* [EXERCISE]:
An acceptable answer repeats exactly the line containing "嬰兒輔食∼紅薯大棗梨小米粥的做法 步骤1" and all lines that follow it in the listing below, and it includes no pictures.

* [COLLECTED MATERIAL]:
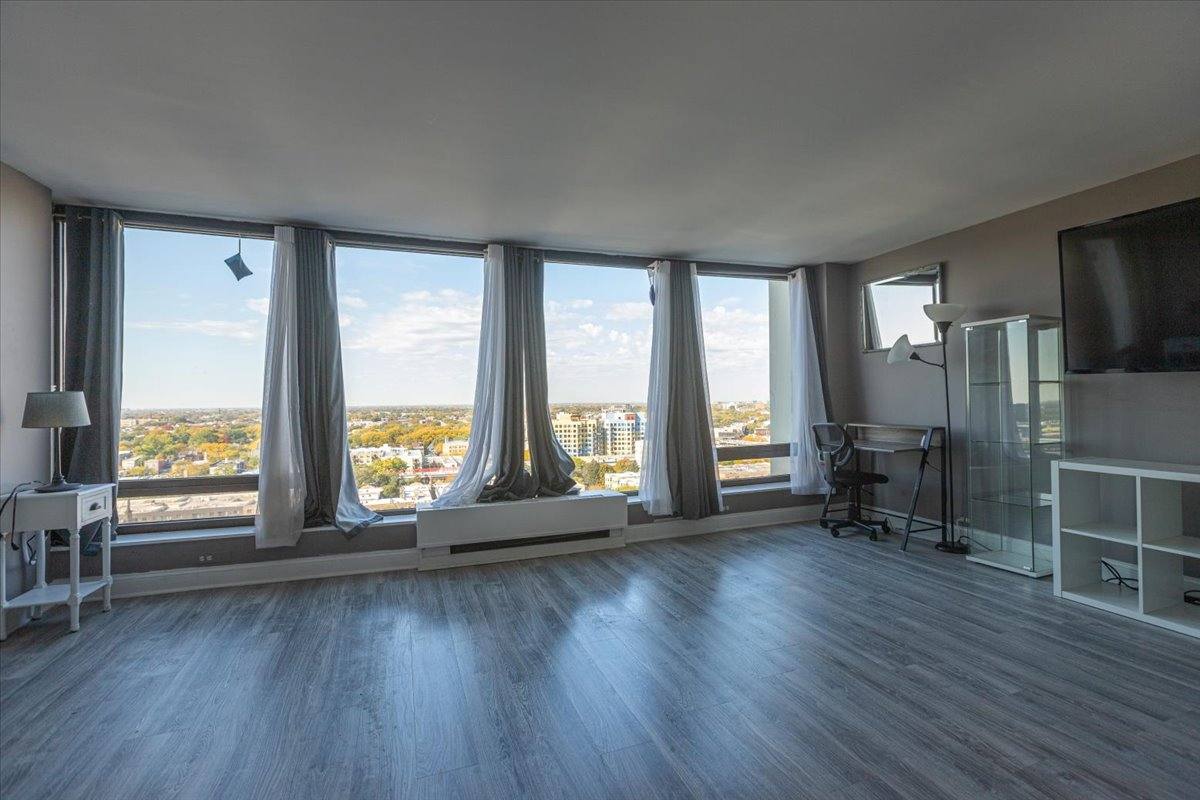 Apartment for rent at 5445 N Sheridan #1905, Chicago, IL 60640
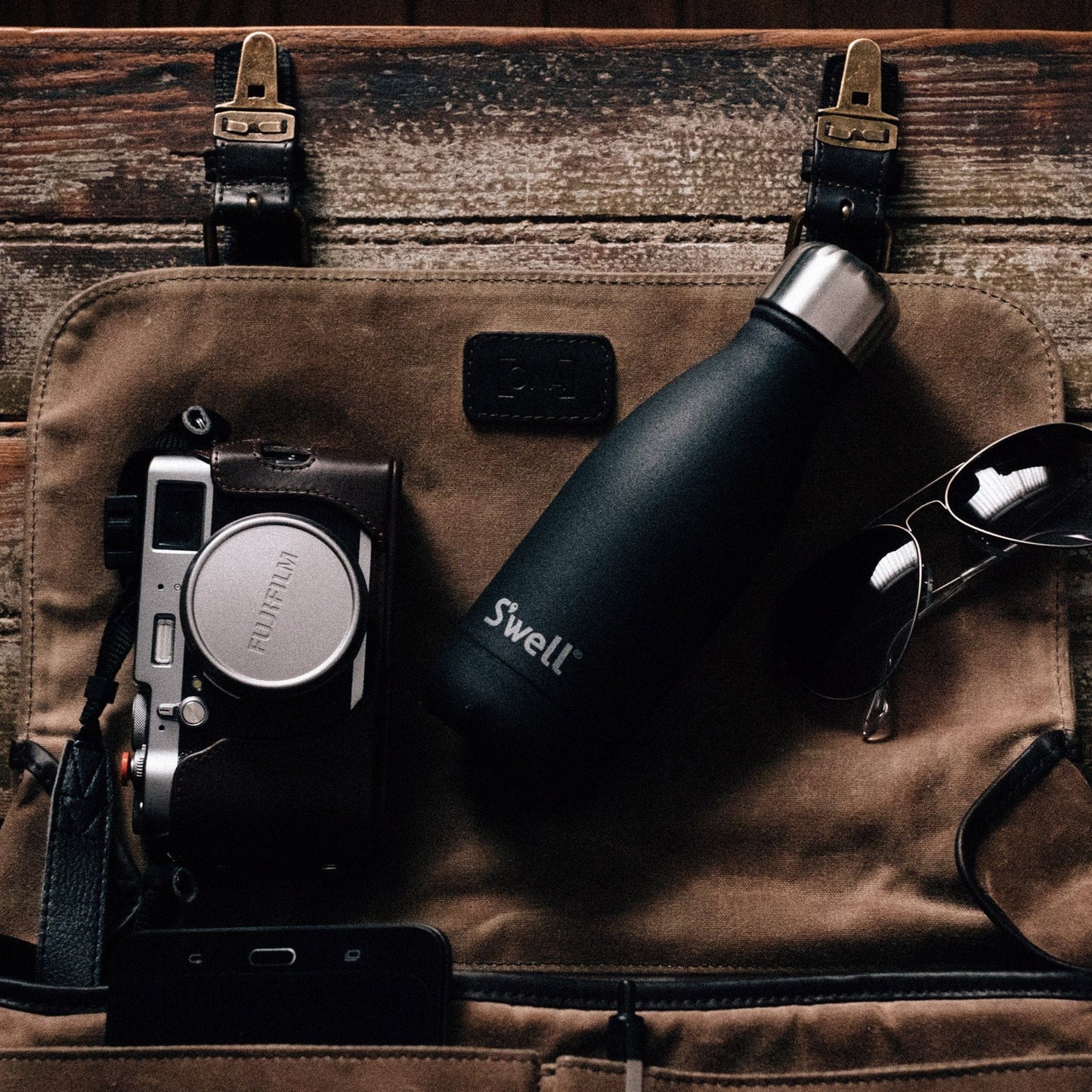 original-bottle-9oz-u1 Swell-Water-Bottle-9oz-Black-Onyx-LifeStyle.jpg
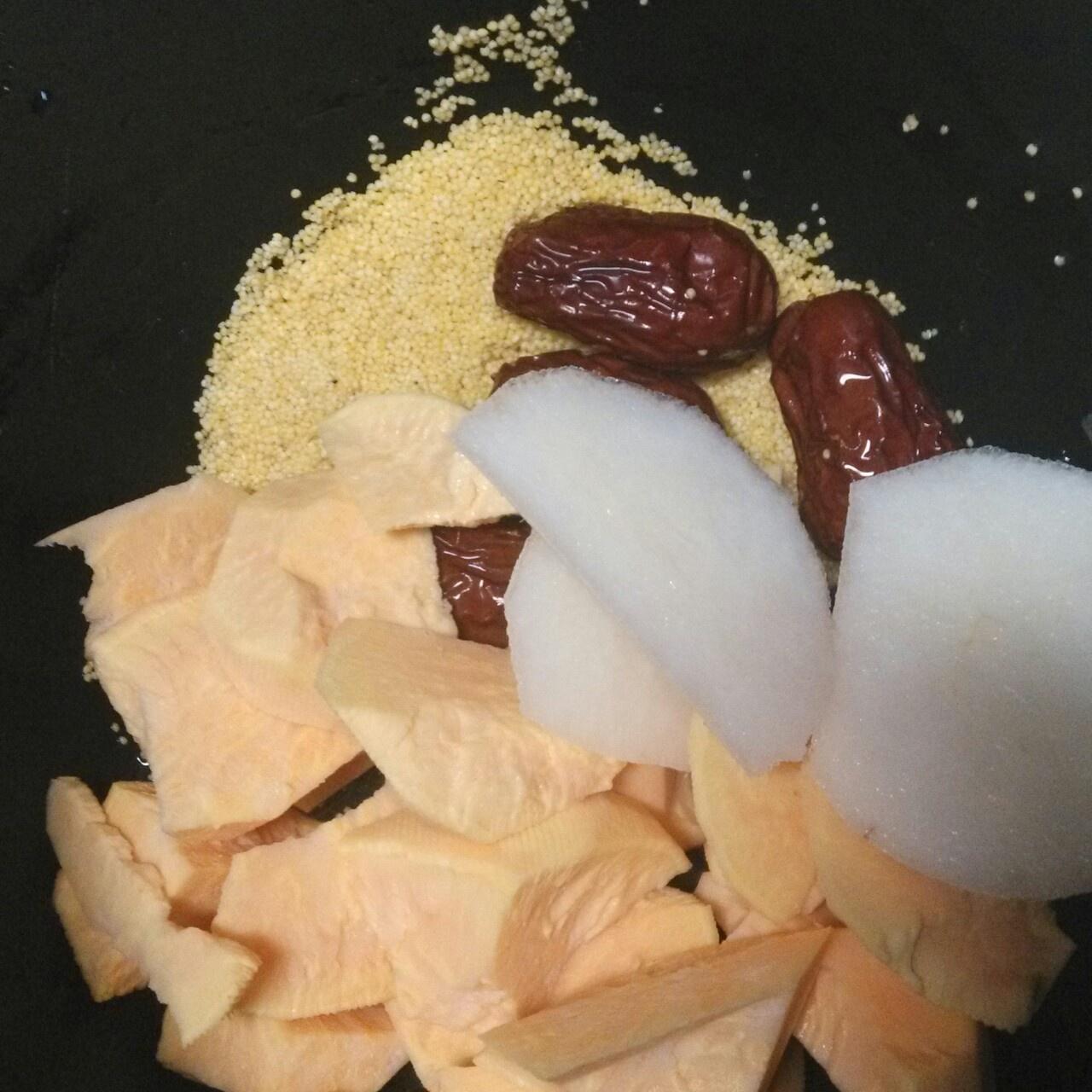 嬰兒輔食∼紅薯大棗梨小米粥的做法 步骤1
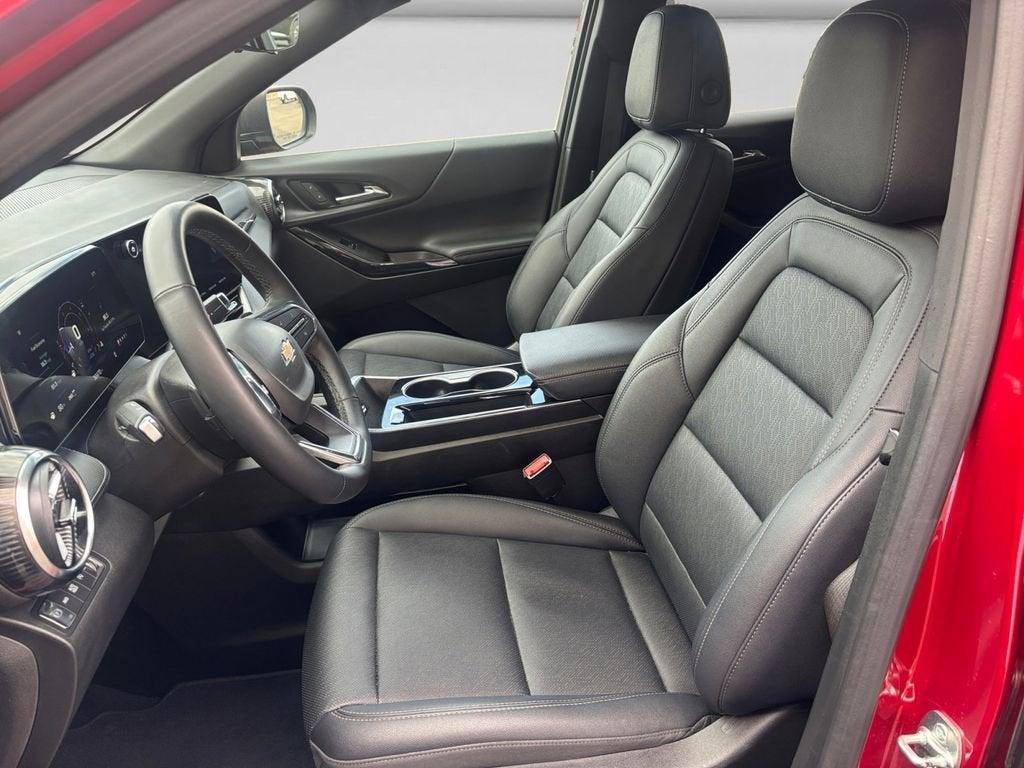 used 2025 Chevrolet Equinox car, priced at $19,699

* [TASK SOLUTION]:
 嬰兒輔食∼紅薯大棗梨小米粥的做法 步骤1
 used 2025 Chevrolet Equinox car, priced at $19,699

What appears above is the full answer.